# Exchange Server Error Log



## nexxev0 (Jan 24, 2012)

I have been getting alot of MSExchangeTransport errors lately.

Type: Warning
Event ID: 2006
Category: SmtpSend
Description: Send connector Outbound: the connection to 69.30.14.180.25 was disconnected by the remote server.

Any ideas?


----------



## peonowns (Apr 16, 2012)

This Warning event indicates that the specified Send connector was disconnected from the specified remote server. The disconnection was initiated by the remote server.
The disconnected session could be caused by a remote server problem or because an inbound connection limit has been reached on the remote server.
If the remote server has the Microsoft Exchange Server 2010 Hub Transport server role or Edge Transport server role installed, the disconnection could be caused when any of the following inbound connection limits are reached on the remote Receive connector:
ConnectionTimeOut 
ConnectionInactivityTimeOut 
MaxInboundConnection 
MaxInboundConnectionPercentagePerSource 
MaxInboundConnectionPerSource 
MaxProtocolErrors 
For more information, see Set-ReceiveConnector.
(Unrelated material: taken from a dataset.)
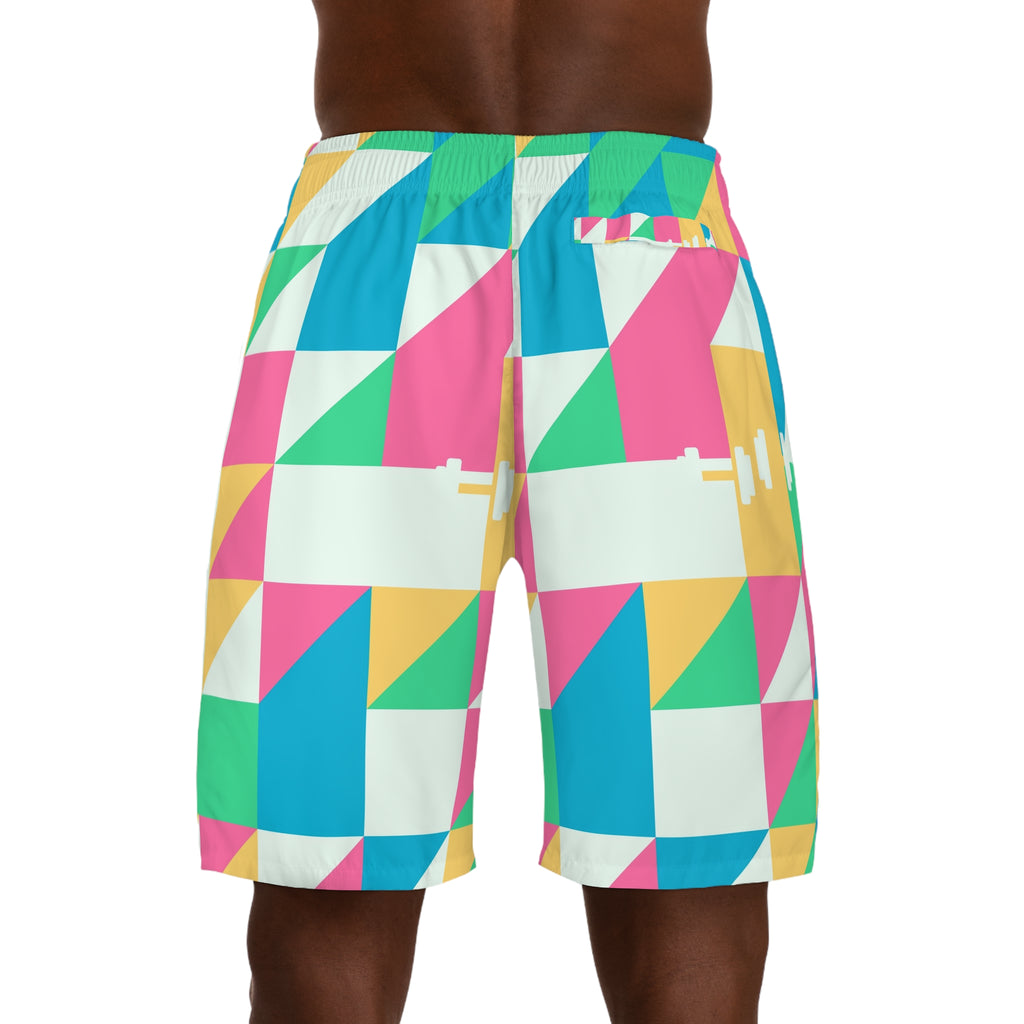 Training & Gym Mint Sorbet Prism Block Men's Athletic Shorts with Pockets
To resolve this warning, do one or more of the following:
Use the Ping or PathPing command-line tools to test basic connectivity. Use Ping to isolate network hardware problems and incompatible configurations. Use PathPing to detect packet loss over multiple-hop trips. For more information, see Microsoft Knowledge Base article 325487, Advanced network adapter troubleshooting for Windows workstations.
Also adjust the inbound connection limits on the remote server


----------